Im ausgewaschenen steinharten Waldweg fiel ihm im Gegenlicht eine kleine, kreisrunde Erhebung auf, die seine Neugier weckte. Mit dem Messer vorsichtig abgetragen, ging der Erdklumpen mit nach Hause. Nach einer ersten Reinigung mit der Zahnbürste kam plötzlich an einer Stelle ein silbriges Stück Metall mit Inschrift zum Vorschein. Wenig später war der gelernte Bankkaufmann dann schon sicher, eine recht alte Silbermünze in der Hand zu halten. Aber es sollte noch eine Vielzahl von schmutzlösenden Bädern in Olivenöl dauern, bis die Münze das Geheimnis ihrer Herkunft preisgab - es handelte sich um einen nur 3,3 Gramm schweren barocken 12tel-Taler (ein sogenannter "Doppelgroschen") aus dem Jahre 1690, der in Berlin für den Brandenburger Kurfürsten Friedrich III. geprägt wurde. Die Fundumstände und die ausgesprochen gute Erhaltung im Waldboden lassen zudem den Schluss zu, dass die Münze nicht lange im Umlauf war und vor über 300 Jahren vielleicht aus der Tasche eines Markthändlers fiel...

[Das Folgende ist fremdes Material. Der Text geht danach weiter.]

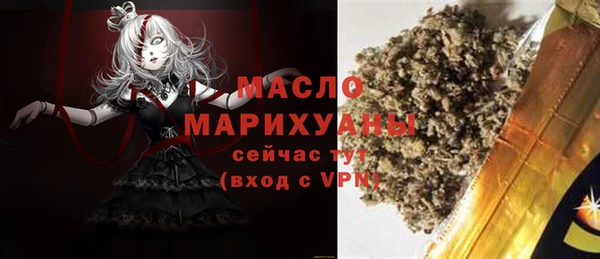 мяу мяу кристалл Кулебаки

Der Leiter des Naumburger Stadtmuseums, Dr. Siegfried Wagner, zeigte sich auch hocherfreut über den jetzt abgegebenen Zufallsfund: "Ein schönes Einzelstück, welches zwar ursprünglich nicht 'von hier' ist, aber, nachdem wir den Fund ordnungsgemäß dem Landesamt für Archäologie gemeldet haben, auf jeden Fall einen Platz in der Sammlung des Museums finden wird."